В итоге через две недели в департамент полиции стали поступать из провинции донесения следующего вида:

«Согласно циркуляра от 2 февраля, лица, виновные в пении, живописи и климатологии, обнаружены, затем, после некоторого запирательства, изобличены и в настоящее время состоят под стражей впредь до вашего распоряжения».

Аверченко заканчивал этот примечательный рассказ следующим абзацем:

«Таким образом, мечтавший стать вторым Фуке его превосходительство мог мирно спать и грезить, “что второй Лафонтен читал ему свои басни, а второй Мольер разыгрывал перед ним “Проделки Скапена”. А Лафонтены и Мольеры, сидя по “холодным” и “кордегардиям” необъятной матери-России, закаивались так прочно, как только может закаяться простой русский человек» [1].

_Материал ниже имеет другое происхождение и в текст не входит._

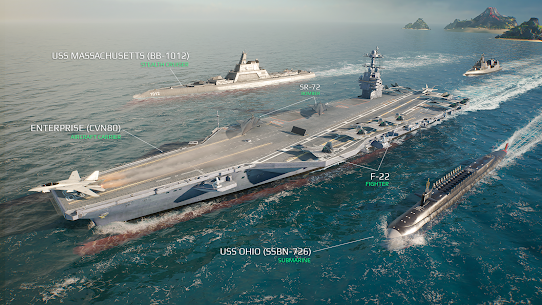 Modern Warships: Naval Battles MOD APK 1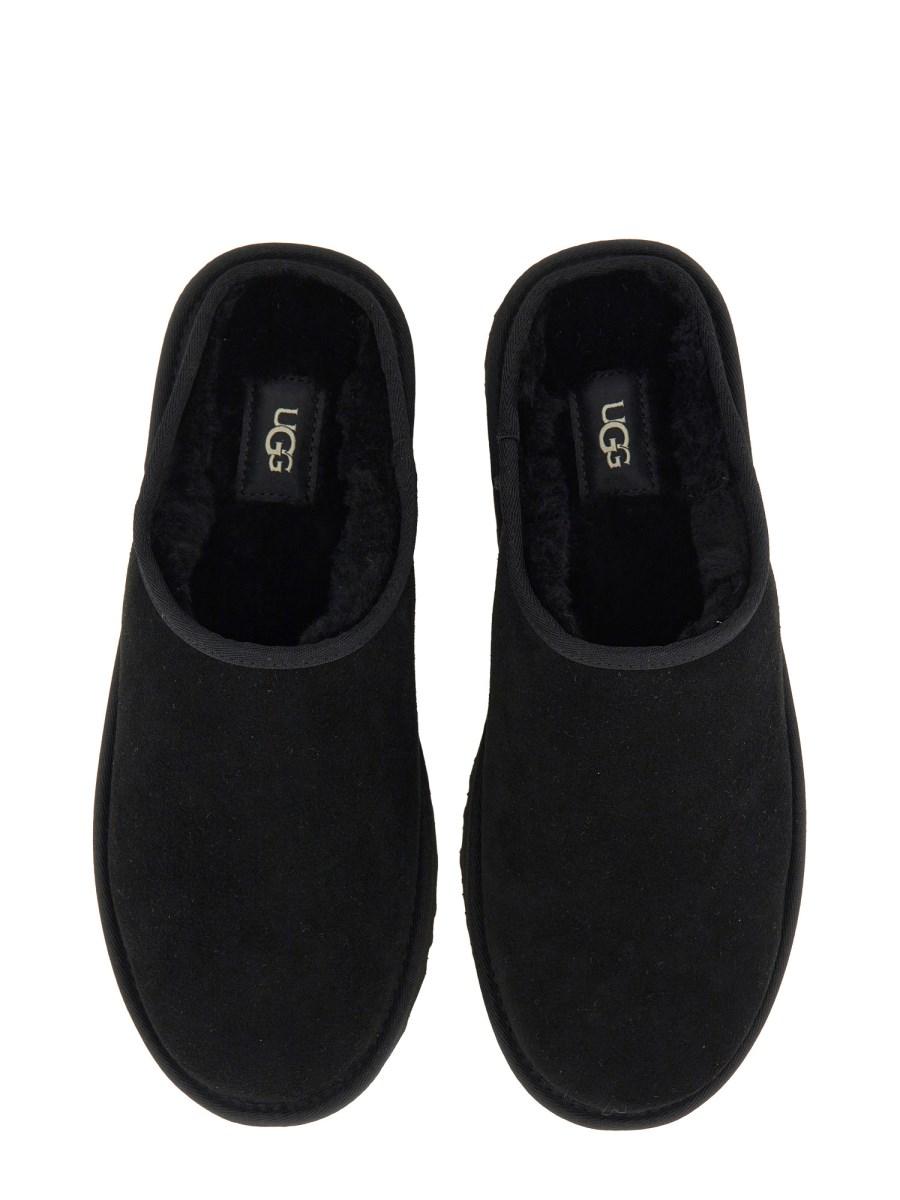 UGG SLIP ON CLASSIC IN PELLE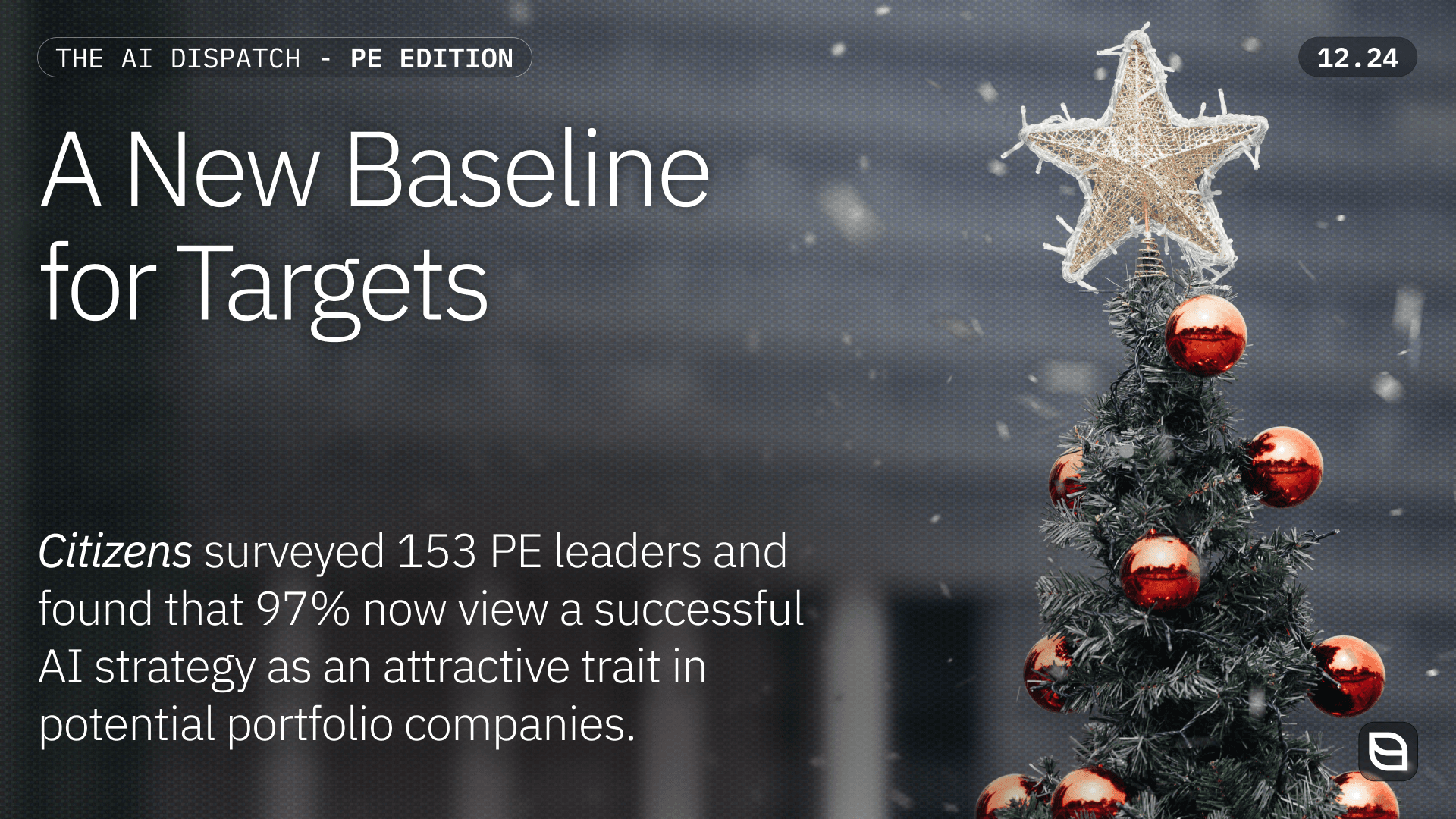 PE Hunts AI-Ready Targets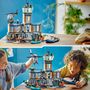 Voir la diapositive 6 : LEGO City 60419 La Prison de la Police en Haute Mer, Jouet avec Hélicoptère et Bateau, 7 Minifigurines et Figurine de Chien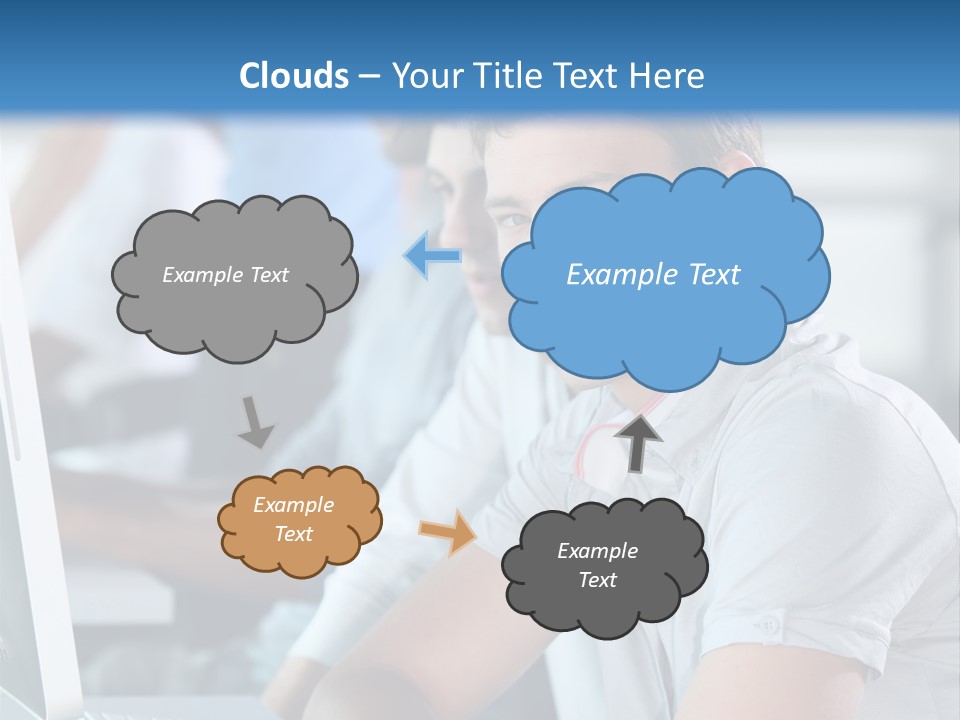 Professional Adults Meeting PowerPoint Template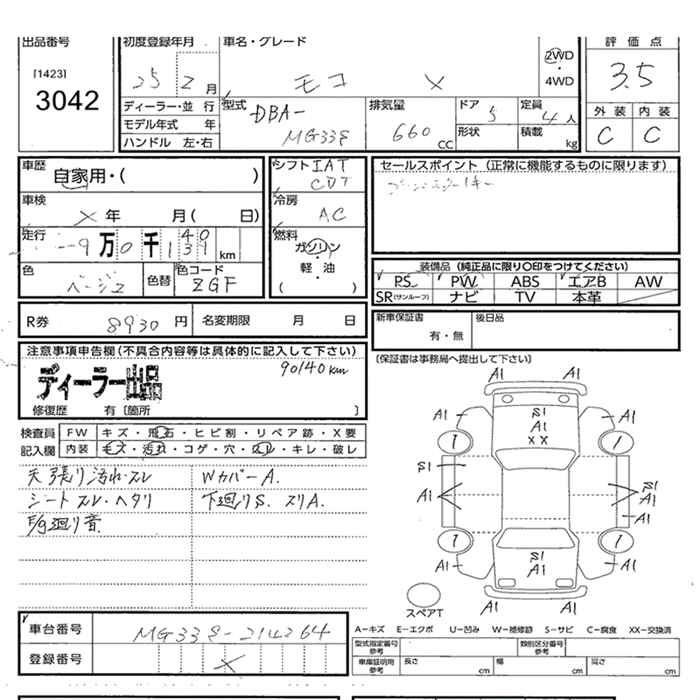 NISSAN MOCO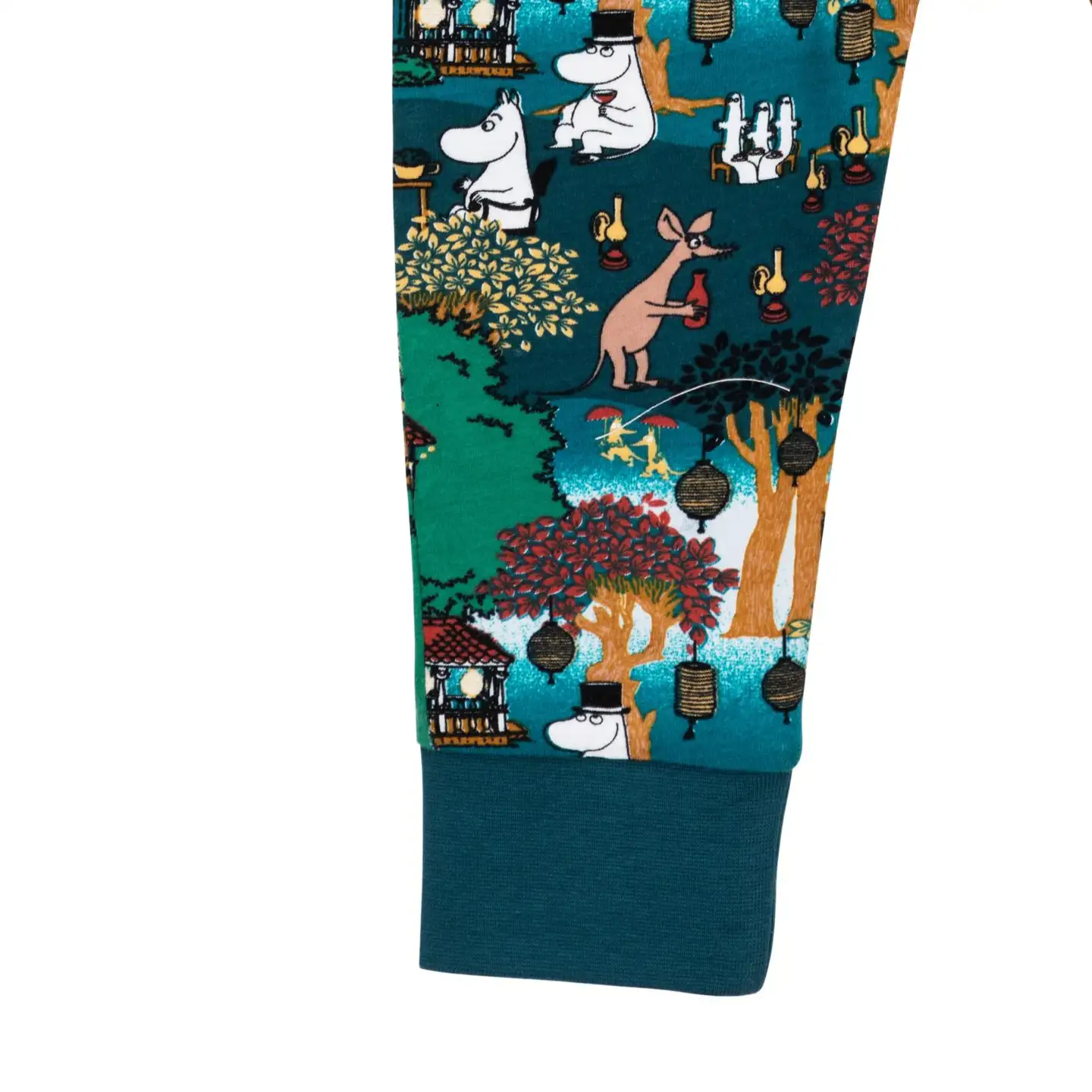 Martinex Muumi vauvojen pyjama Pidot 588610 - SININEN - 3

В новую эпоху появлялись и новые перегибы. В несвободном обществе и освободители считают цель (борьбу с несвободой) важнее принципа свободы. Цензор А. В. Никитенко в дневнике середины ХIХ в. писал о духе нетерпимости, страсти к умственному и нравственному деспотизму так называемого передового общества. В начале XX в. философ М. О. Гершензон отмечал:

«Нигде в мире общественное мнение не властвует так деспотически, как у нас, а наше общественное мнение уже две трети века неподвижно зиждется на признании этого верховного принципа: думать о своей личности — эгоизм, непристойность; настоящий человек лишь тот, кто думает об общественном… работает на пользу общую» [25, с. 74, 75].

Либеральная публицистика сознательно перегибала, представляя жизнь в России как царство голода, произвола и чиновничьей тупости. Массовые убийства и грабежи со стороны революционеров в годы первой русской революции и позднее многими расценивались как адекватный ответ насилиям царского правительства.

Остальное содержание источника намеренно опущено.